Gay and Lesbian Equality Network to cease operations

Glen charity to wind down over corporate governance issues and erosion of public trust

The Gay and Lesbian Equality Network (Glen) has announced it will cease operations, just a month after being embroiled in allegations of financial mismanagement.

The board of the charity has decided to make arrangements for “an orderly wind-up” of its affairs after a report found it was “no longer viable given the challenges it is facing”.

The report by former senator Jillian van Turnhout, seen by The Irish Times, says Glen has been caught in "a perfect storm" following the controversy, with diminishing public trust, minimal financial reserves, no chief executive and reduced staffing.

The controversy was sparked at Easter, when Glen's then executive director Aine Duggan revealed she became aware of grave issues at the charity shortly after being appointed last October. She instanced spending on Glen credit cards and on a political campaign, which the board was unaware of.


Ms Duggan left Glen last month and Ms van Turnhout was engaged on the same day to carry out a review of the organisation.

In her report, Ms van Turnhout says the use of Glen credit cards by staff for personal transactions amounted to “extremely poor practice” but there was no material gain to any staff member or any other person.

Warning signs

At critical junctures, Glen failed to heed or fully understand the warning signs in terms of corporate governance, she found. “The environment for not-for-profits is ever changing. What was standard practice for many organisations 20, 10 or even five years ago is no longer acceptable.”

The report says Ms Duggan raised concerns of potential breaches of the Charities Act last December and the board then instructed her to make a voluntary disclosure to the Charities Regulator.

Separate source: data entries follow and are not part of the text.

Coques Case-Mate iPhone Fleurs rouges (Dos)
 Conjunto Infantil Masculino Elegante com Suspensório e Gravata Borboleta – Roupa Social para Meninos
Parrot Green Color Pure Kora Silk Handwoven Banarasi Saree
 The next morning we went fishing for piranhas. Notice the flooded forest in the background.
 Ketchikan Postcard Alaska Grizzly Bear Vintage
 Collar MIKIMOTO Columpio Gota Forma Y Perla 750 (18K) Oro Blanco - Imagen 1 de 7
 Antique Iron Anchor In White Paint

Glen has fully co-operated with the regulator, it says, and has provided all documentation requested. However, the perception that it was under investigation by the regulator led to a “diminishing of trust” by the public and funders.

It is critical that organisations can make self-disclosure to the regulator “without a disproportionate response in the absence of evidence”.

A separate report into the financial administration of the charity concluded “we did not find any evidence of misappropriation of State or donor funds or any fraudulent activity taking place”.

Transfer of assets

“At this stage, the most responsible action the board can take, in my opinion, is to consider a voluntary wind-down and transfer of assets and programmes as appropriate,” Ms van Turnhout concludes.

The Glen board says it fully accepts her findings. “The board has reluctantly concluded that we do not currently have the organisation capacity or funding to continue our work to the high standard to which we have always aspired.”

As part of the wind-down process, Glen’s LGBT helpline is to be established as a separate entity, and new partners are being sought to run its diversity programme and the Know How HIV testing project. The charity’s three remaining staff are being made redundant.

Glen was founded in 1988, five years before homosexuality was decriminalised. It counts the introduction of civil partnerships and, later, same-sex marriage as milestones on the “equality journey” for gay people.